New Years Rulin’s

I re-read Woodie Guthrie’s New Year’s Resolutions–“New Years Rulin’s” he calls them–as a brief reminder to myself that these exist and can be salubrious. I have spent a lot of time in 2018 mired in some dirty mud, as if addicted to it and as if it helps me. Advancing upon middle age, I wonder to myself if I will ever feel the sting of incipient mortality upon me. Will I start worrying that time will run out, and thus I should actually do the things I keep intending to do? Or will I spend the next forty or so years still holding off on doing those things because I need another hit of . . . the mud?

Woody Guthrie Resolutions
Woody Guthrie’s “New Years Rulin’s”

Guthrie’s “27. Help win war – beat fascism” holds new significance to me now. As does “33. Wake up and fight.” Suddenly the urgency of those Rulin’s make sense. His personal care ones, such as “6. Eat good” and “7. Drink very scant if any” and “12. Change bed clothes often” also hit home for me.

Every year. . . every day damnitall . . . I make the same goals and have the same intentions. I realize what a cliché I am too. I also realize that the things holding me back are the same ones that hold everyone back: internet scandals to check in on, personal nemeses to check up on, endless scrolling through pictures to confirm and/or undermine self-loathing, and so forth. I also use social media for good, I think: much of my intellectual life now is a result of things I learned from people on Twitter.

I spent an hour uploading all my book purchases from Amazon onto my Goodreads account. I looked through all my book purchases on Amazon, beginning with those I bought at the end of college. Apparently I was really stanning my religious studies professor, because I bought all of his books as well as those written by his best friend. I also bought some Aquinas and Plato and other books I had and have literally no interest in reading. Then there is a spate of education and literacy texts from my high school teaching and master’s degree days. Snore! I can see the person who I was trying to be through all those phases of book-buying. How few I read! Some of those books no longer live on my shelves! Look at grad school go by! SO much Said. All the Buddhism that I now renounce.

A couple of years ago I came up with a mantra to govern my year’s efforts: Function over form (I spend too much time futzing with form – I mean even deciding on a font for a syllabus occupies hours a semester). There were a few other bits to this mantra that I can’t remember (shows how little I followed it). This year, I want to Read More than I Scroll. And I want to Write More than I Binge-Watch. To that end, I’m going to use Goodreads to track my reading and am going to keep the blog as part of my writing routine. I also will write about teaching on my official website. This site will function more as a journal than anything else.

Day 1 – Over

I have to walk out the door in 15 minutes. I have been precisely calculating my commute over the past few days and learned the hard way (by having to sit in the hot train station for 20 min) that the first train does not come until 6:37am.
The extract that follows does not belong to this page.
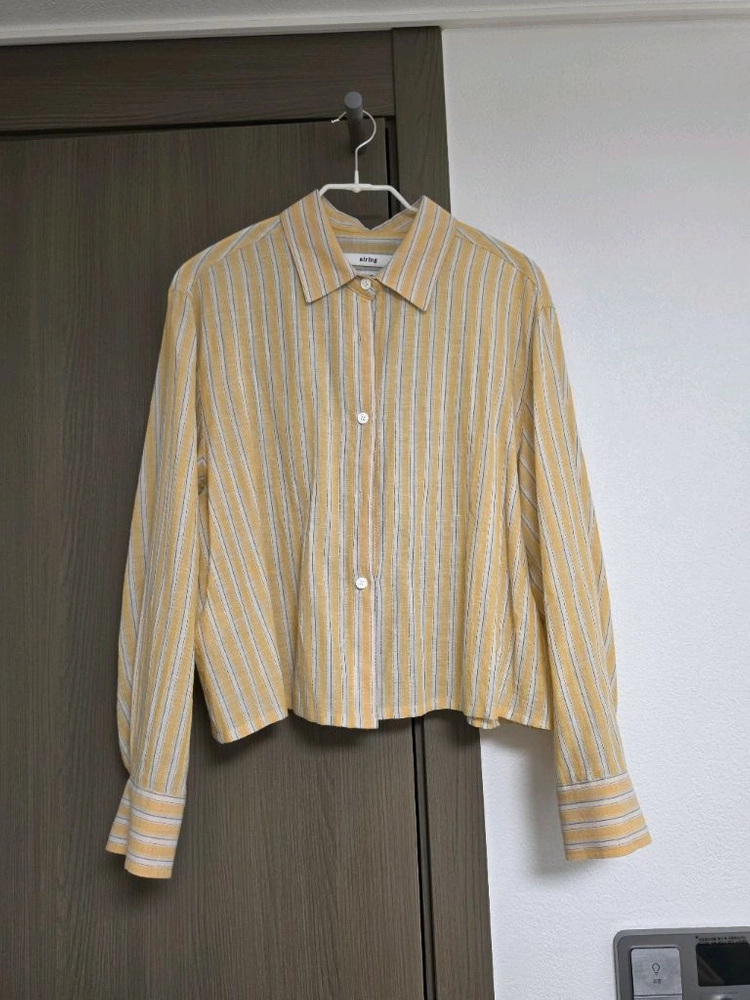 아이링마켓 크롭 핏 스트라이프 카와무라 린넨 셔츠 옐로우 이미지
First student of the year: H—- something. He had body odor. Immediately wanted to know if two specific enemies were in the class. He also was happy to be helpful in the classroom and I put him and the other 5 kids to work around the room setting things up.

I had prepared very intricate lesson plans for myself and did literally 5% of what was on them. All the “rules setting” activities? Forget it. When I did have all 34 kids show up, they were so excited to see each other, show off their new outfits, goof around, reestablish old dynamics that we were not going to get anywhere. Also I was too excited. Also the periods were shorter and there were so many interruptions.

I did notice that kids seemed more . . . used to the rules. They easily signed the late logs. There were no hitches with stuff like that. It seems like that aspect of the culture of the school just was finally . . . working. Definitely lower percentage of Jamaicans and more South Asians than before. I think I even have a Chinese student.

Some of my initial impressions include that some of my honors kids should be in not-honors (they didn’t even know they were in honors), and some of my not-honors kids should be in honors. Fortunately for all, I will be teaching them the exact same stuff. I can’t do 3 preps. That ship has SAILED.

The AP class was even shorter than the others. The students already wanted to talk about patriarchy. There are three boys. I already love them all. One girl had a pen shaped like a gavel because she wants to be a lawyer then a judge. Two said they want PhDs and two want to be doctors.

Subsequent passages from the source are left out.